2)Jalinan komunikasi antar mahasiswa Bone intens dilakukan oleh Mahasiswa Fakultas Hukum, sehingga kerja-kerja pembentukan organisasi lebih mudah bila dispesifikkan pada Mahasiswa Fakultas Hukum.
3)Pembentukan organisasi yang fokus pada satu bidang akan memiliki program kerja yang lebih kongkrit.
4)Langkah awal untuk memotivasi pemuda dan mahasiswa Kab Bone agar menjalin komunikasi yang lebih luas dalam rangka membangun organisasi yang berdayaguna sesuai basic study.

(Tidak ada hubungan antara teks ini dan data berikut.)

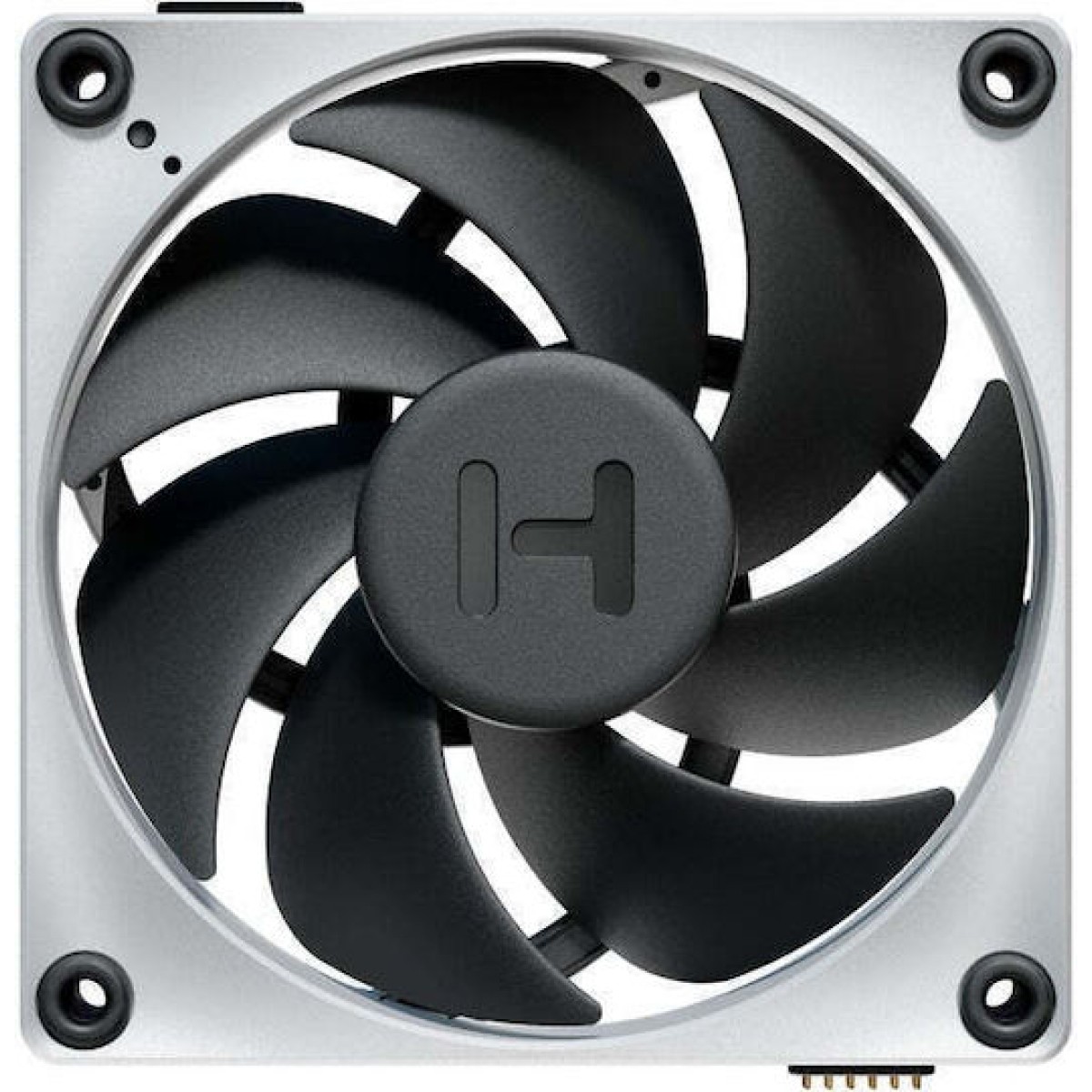 HYTE FP12 + Nexus Portal NP50 Case Fan 120mm 3τμχ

Hal ini menjadi penting untuk diutarakan, karena uraian kondisi berikut merupakan realitas tuntutan masyarakat Kab Bone yang menjadi tugas dan amanah bukan hanya untuk mahasiswa fakultas hukum Bone, tetapi untuk diemban oleh pemuda dan mahasiswa se-Kab Bone pada umumnya yang diharapkan dapat terealisasi secara lebih konkrit dan real. Ide dasar perjuangan ini disemangati oleh cita-cita luhur untuk mewujudkan masyarakat yang taat hukum, sejahtera, adil, makmur dan sentosa.

Berdasarkan hasil eksplorasi dan analisa terhadap potensi alam maupun sosio kemasyarakatan yang dimiliki daerah, maka dibutuhkan kualitas sumber daya manusia yang memadai agar gerak maju dalam pembangunan bisa sinergis dengan peningkatan kesejahteraan dan pemenuhan rasa keadilan bagi masyarakat.
.
Dengan demikian, selain pemanfaatan sumber daya alam, proses pembangunan membutuhkan sumber daya manusia yang berkualitas yang bukan hanya untuk dijadikan sebagai tenaga kerja yang handal dalam proses produksi, tetapi juga dalam wilayah konseptual, kemampuan bersosialisasi, monitoring dan advokasi. Ini tentunya harus disinergiskan dengan pelaksanaan kebijakan pemerintahan yang tetap menjunjung tinggi nilai-nilai luhur yang tercantum dalam asas-asas pemerintahan yang baik. Sementara, tidak dapat dipungkiri bahwa salah satu problem fundamental yang dihadapi oleh Kabupaten Bone adalah rendahnya kualitas sumber daya manusia. Rendahnya tingkat kualitas sumber daya manusia ini dapat kita lihat dari minimnya infrastruktur pendidikan, kesadaran akan pentingnya pendidikan dan tingkat pendidikan rata-rata masyarakat Bone. Selain itu, dapat kita lihat juga pada sistem dan metode pengelolaan sumber daya alam oleh masyarakat, mayoritas masih menggunakan sistem dan metode pengelolaan sumber daya alam yang sederhana. Dalam kondisi yang demikian, hampir bisa dipastikan bahwa tingkat kesadaran hukum masyarakat Bone juga masih sangat rendah dan sangat rentan memunculkan praktek-praktek KKN (Korupsi, Kolusi dan Nepotisme) serta pelanggaran hukum dan HAM. Apalagi dengan adanya peraturan tentang otonomi daerah yang memberikan kewenangan besar bagi pemerintah daerah untuk mengatur daerahnya sendiri di bidang tertentu, ikut melemahkan fungsi kontrol pusat terhadap pemerintah daerah.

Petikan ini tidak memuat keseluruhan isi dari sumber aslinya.